What Does Cockfighting Symbolize?

Cockfighting is an ancient blood sport where two roosters attack each other until one of them is subdued due to injuries or, in most cases, death. Said to be one, if not the oldest, form of spectator sport, cockfighting used to thrive across the world but in modern times, this activity has been made illegal across many regions due to its nature of animals inflicting violence on each other.

Despite that, there are still areas around the world where cockfighting is practiced as a form of entertainment or as an aspect of culture or religion. To some, cockfighting may only look like two birds fighting to the death but for many, it is much deeper than that. Cockfighting symbolizes many things for individuals who partake in it.

What Does Cockfighting Represent?

Cockfighting has been around for so long that no one can pinpoint its exact origins. One of the earliest evidence of cockfighting dates back to the Indus Valley civilization.

Religious Significance

Birds, particularly chickens, were used for sport rather than food. At some point in 1000 BC, birds had gained a “religious significance” among ancient communities. Ancient Syrians worshiped fighting cocks as deities. On the other hand, Ancient Greeks and Romans associated roosters with the gods Apollo, Mercury, and Mars. 

In medieval times, cockfighting was done in order to honor particular gods and goddesses. Cockfights were also held during religious festivals as a way to bring people together. Across the world in Bali, Indonesia, cockfights are practiced as an ancient religious purification ritual to expel evil spirits. It is an obligation to be done at every religious ceremony. 

Strength, Courage, and Bravery

Cockfighting is also said to have a mythos centered on the behavior and character of the cock itself. In ancient Greece, fighting cocks were seen as symbols of strength, courage, and bravery. In texts, it is said that Themistocles, a Greek general, decided to hold a cockfight the night before the battle against invading Persians in order to inspire his men.
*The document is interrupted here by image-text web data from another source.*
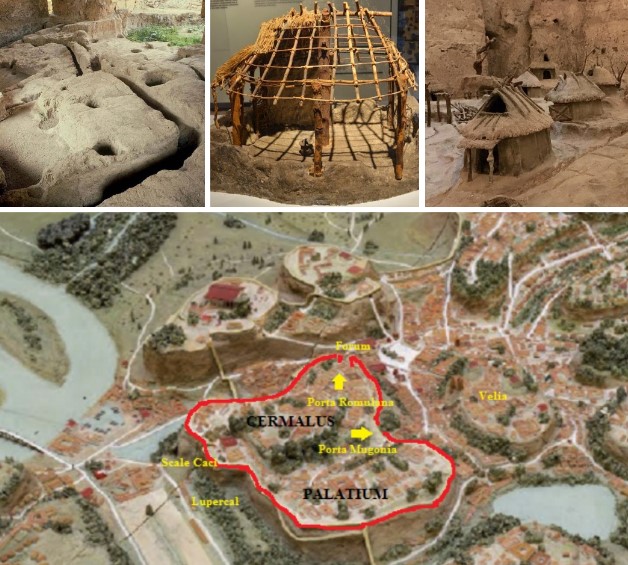 Square Rome, the remains of archaic huts with postholes for support beams, and the reconstruction of the hut village on the Palatine Hill. Square Rome refers to the earliest, legendary settlement on the Palatine Hill, traditionally considered the nucleus of ancient Rome. According to Roman mythology and historical accounts (like those of Livy and Plutarch), it was a ritually demarcated area established by Romulus, the city's founder, around 753 BCE.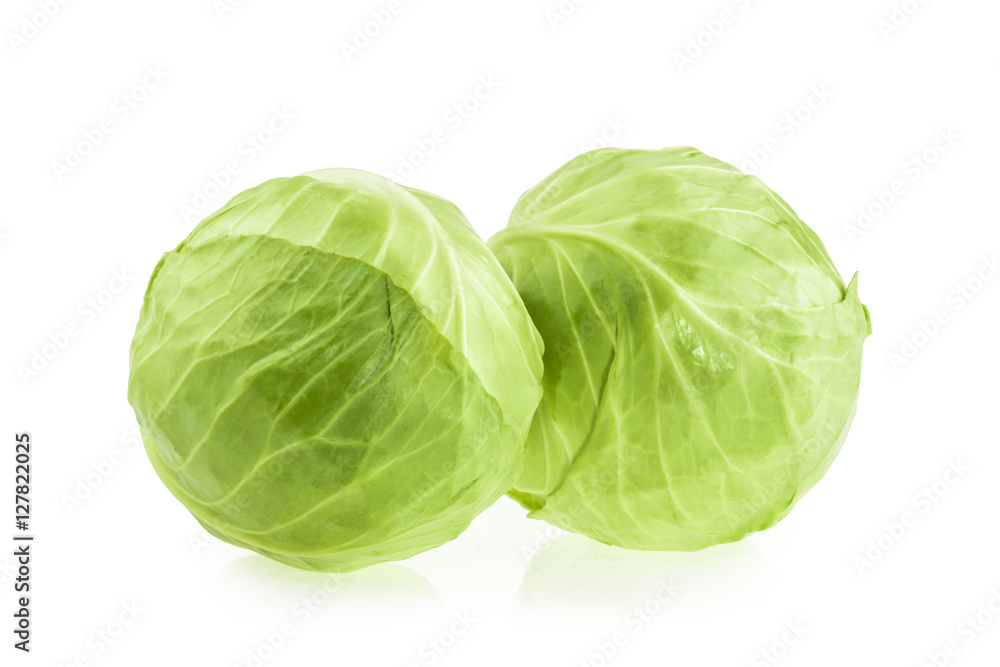 Green cabbage isolated on white background Green cabbage isolated on white background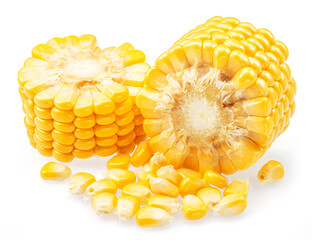 Pieces of maize cob or corn cob and corn seeds isolated on white background.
Masculinity and sense of self

In other studies, modern cockfighting is interpreted as a symbolic expression or magnification of the rooster’s owner’s self, lived and realized through the fighting cock. In Balinese culture, cockfighting or tajen is mostly a male-exclusive practice and the rooster represents the virility and masculinity of its owner. Those who fight better and win in cockfighting matches are better respected.

In a similar vein, cockfighting or sabong in the Philippines is deemed as an enhancement of the participant’s status in society. A mostly male-oriented activity in the Philippines, when men join and win a cockfight, they see it as something to be proud of because it gives them a sense of strength and privilege over their losing counterparts. 

Survival of the fittest

Cockfighting in the Philippines is also an activity that reflects the culture of “survival of the fittest.” With many Filipinos living in poverty, survival of the fittest is their present mindset. For Filipino men, class lines do not exist in cockfighting as it is a game that is enjoyed by both the rich and the masses.

It is a melting pot, an equal ground to them where the wealthy and poor do not exist in the cockpit. A poor man’s gamefowl may be pit against that of the wealthiest, adhering to the idea of equal opportunity.

Final Note

For some people, cockfighting is nothing but a form of cruelty towards animals. For others, cockfighting is an entertaining sport. But for many individuals, cockfighting isn’t just an enjoyable pastime. Instead, it is an aspect of their lives that is a part of their religion or a matter that defines their stand in society and is deeply ingrained in their culture.